A middle-school teacher made her students join her in protesting budget cuts (video here). Unfortunately for her, it looks like her protest did nothing but prove that perhaps our teachers are, in fact, overpaid and underqualified. Check out the sign one of her students was found holding:

It’s a good thing this teacher, Terry Hoffman, is retiring. She’s a language teacher, but apparently she can’t even teach her students simple grammar. Maybe if she spent more time educating her students, and less time planning protests, they wouldn’t be confusing “our” and “are”.

Let’s consider whether or not budget cuts for teachers are really that bad. The idea that teachers are among the lowest-paid and hardest-working is a persistent one. The question is, is it true? Are teachers’ salaries really that low, and are they lower on average than the average worker’s salary overall? Here are some findings from The Manhattan Institute:

Among the key findings of this report:

  • According to the BLS, the average public school teacher in the United States earned $34.06 per hour in 2005.
  • The average public school teacher was paid 36% more per hour than the average non-sales white-collar worker and 11% more than the average professional specialty and technical worker.
  • Full-time public school teachers work on average 36.5 hours per week during weeks that they are working. By comparison, white-collar workers (excluding sales) work 39.4 hours, and professional specialty and technical workers work 39.0 hours per week. Private school teachers work 38.3 hours per week.
  • Compared with public school teachers, editors and reporters earn 24% less; architects, 11% less; psychologists, 9% less; chemists, 5% less; mechanical engineers, 6% less; and economists, 1% less.
  • Compared with public school teachers, airplane pilots earn 186% more; physicians, 80% more; lawyers, 49% more; nuclear engineers, 17% more; actuaries, 9% more; and physicists, 3% more.
  • Public school teachers are paid 61% more per hour than private school teachers, on average nationwide.
  • The Detroit metropolitan area has the highest average public school teacher pay among metropolitan areas for which data are available, at $47.28 per hour, followed by the San Francisco metropolitan area at $46.70 per hour, and the New York metropolitan area at $45.79 per hour.
  • We find no evidence that average teacher pay relative to that of other white-collar or professional specialty workers is related to high school graduation rates in the metropolitan area.

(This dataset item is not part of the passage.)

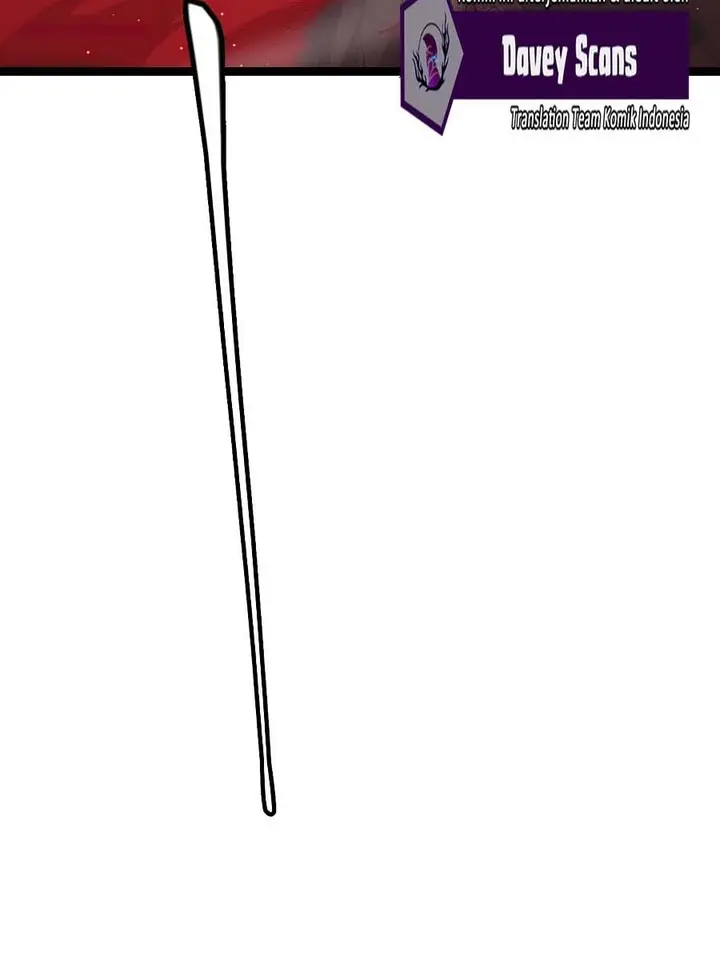 image-komik-the-game-that-i-came-from-chapter-23-16/41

Seems to me like public school teachers got it pretty good, especially when compared with private school teachers, who on average work more hours and get paid considerably less. Your average white-collar worker also works more and gets paid less. It seems like common sense, but people always tend to think that teachers are so poorly paid, and work so hard, and are just downtrodden and unappreciated. It would appear that this is a myth.

The key finding from the Manhattan Institute’s study seems to back that up.

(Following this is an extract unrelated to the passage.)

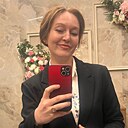 Svetlana, 35 лет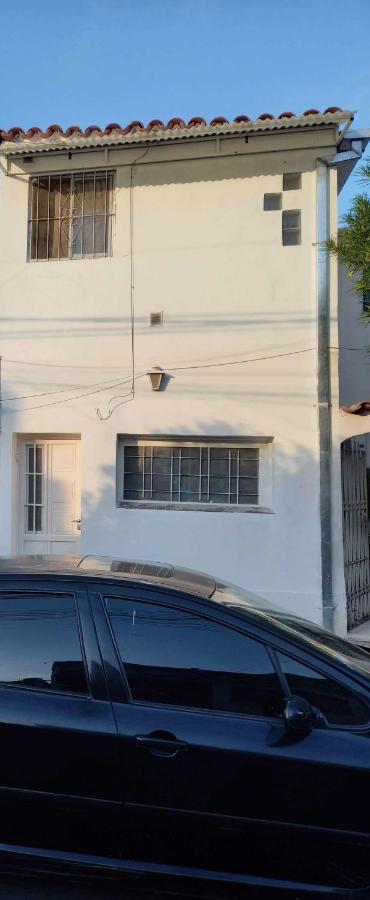 Apartment Mi Casa, Su Casa *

When considering teacher pay, policymakers should be aware that public school teachers, on average, are paid 36% more per-hour than the average white-collar worker and 11% more than the average professional specialty and technical worker. They should be aware that the higher relative pay for public school teachers exists in almost every metro area for which data are available. Finally, they should be aware that paying public school teachers more does not appear to be associated with higher student achievement.

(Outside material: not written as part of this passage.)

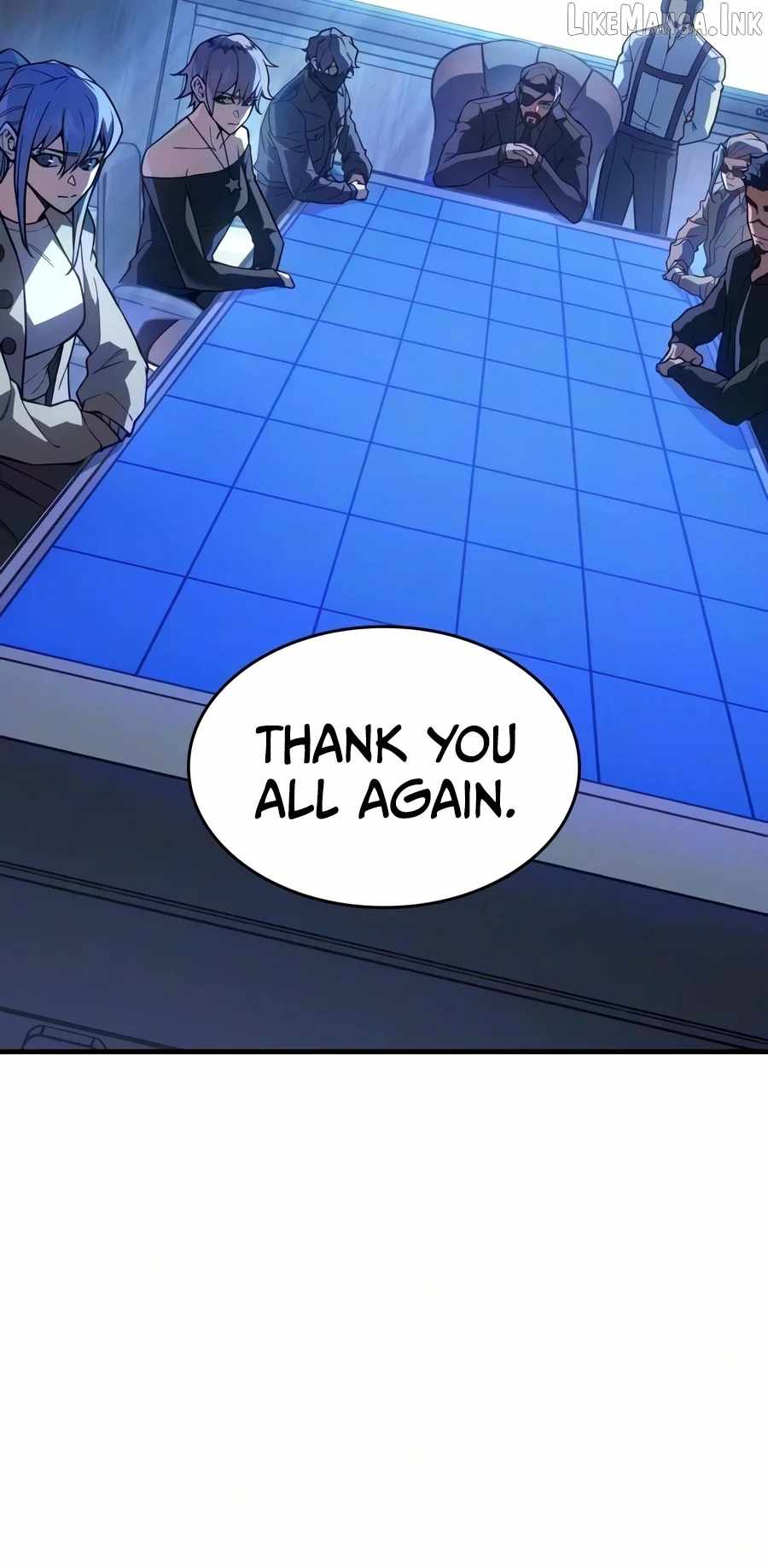 Regressing with the King’s Power — Chapter 162 — page 13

Higher teacher pay does not mean higher student achievement. Teachers are paid more than the average white-collar, specialty, and technical worker. Yet public perception is that teachers make nothing, and if you so much as mention budget cuts, teachers and unions go ballistic.

This particular case, with Terry Hoffman, is especially egregious. It shows exactly why people are crying out for budget cuts, too. Student achievement has steadily declined over the last twenty years. American students used to be the brightest in the world; now we’re behind other countries’ students in nearly every subject. Yet teachers salaries have increased steadily over the past twenty years. Ms. Hoffman’s protest seems to be a perfect example of just what the problem in education is. She had middle school students protesting budget cuts with grammatically incorrect signs. First of all, no teacher should have their students protesting. It doesn’t even matter what they’re protesting; the point is that teachers have no business whatsoever using their students as tools for their own personal agenda. This, however, is particularly inappropriate because this teacher had her students protesting for her own pay raises, shouting “SHOW US THE MONEY!”. It’s wrong, and I hope that the school board got an earful from angry parents (I doubt it). Second, this teacher’s middle school students couldn’t figure out the difference between “are” and “our”? And she couldn’t catch the mistake, either? And she’s a language teacher? It’s disgusting! This woman wants more money even though she apparently can’t even teach her own students basic grammar.

The best thing, in my opinion, is for local and state governments to start implementing merit-based pay and break the union stranglehold. Teachers should earn pay raises, just like everyone else in the world. Great teachers absolutely deserve pay raises, but horrible teachers shouldn’t get pay raises just because they’re teachers who happens to be in a union. If a teacher has students who routinely are failing, then they don’t deserve a raise. A teacher’s performance should decide whether or not they get a raise. Raises should be earned. Unions need to stop corrupting our education system. Our children’s futures depend on it.

Do we really want a nation of students who can’t tell the difference between “are” and “our”?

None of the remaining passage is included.